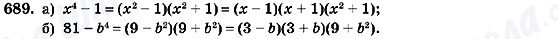 ГДЗ Алгебра 7 класс страница 689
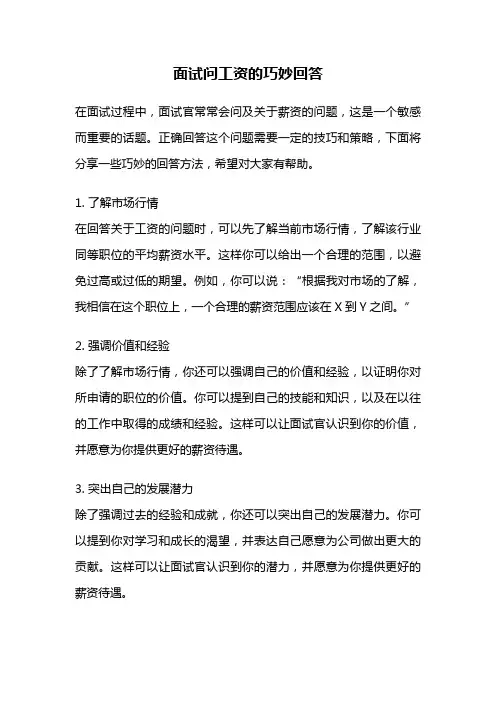 面试问工资的巧妙回答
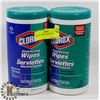 Image 1 : 2 PACK CLOROX WIPES, 75 PER PACK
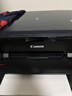 佳能（Canon）E568黑·大印量套装无线自动双面学生彩色喷墨多功能一体机（打印/复印/扫描WiFi学生作业/家用） 实拍图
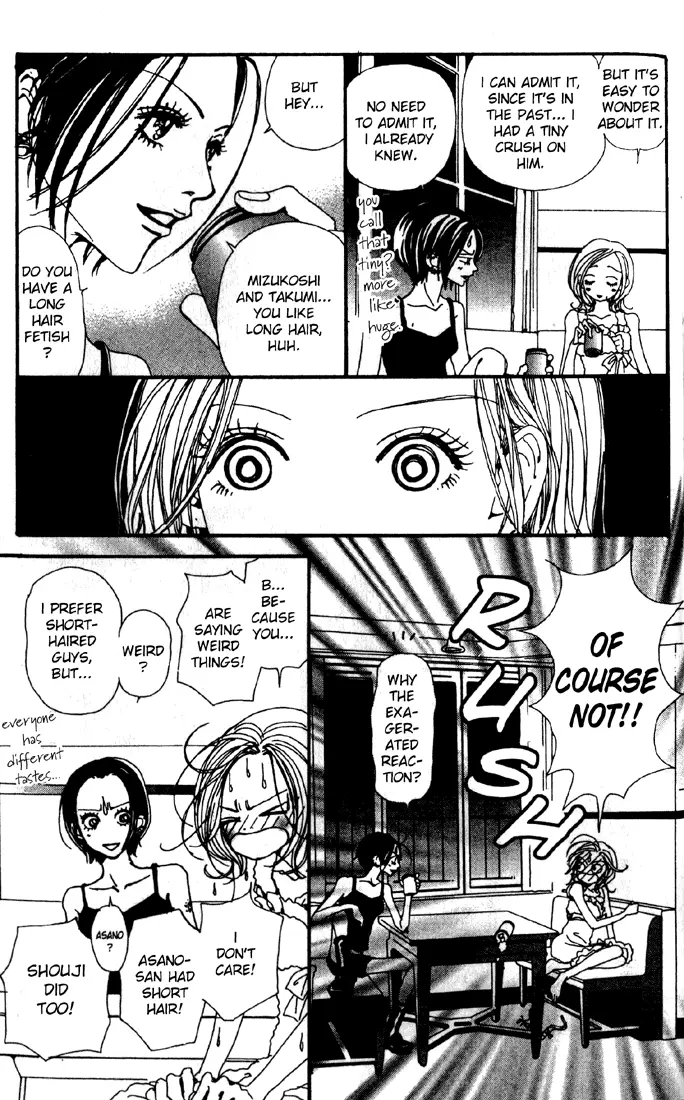 NANA - Chapter 16 - Page 41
=====
ACTION ITEM – Output each record verbatim, but skip anything that is a picture.

RESPONSE AREA –
 ГДЗ Алгебра 7 класс страница 689
 面试问工资的巧妙回答
 Image 1 : 2 PACK CLOROX WIPES, 75 PER PACK
 佳能（Canon）E568黑·大印量套装无线自动双面学生彩色喷墨多功能一体机（打印/复印/扫描WiFi学生作业/家用） 实拍图
 NANA - Chapter 16 - Page 41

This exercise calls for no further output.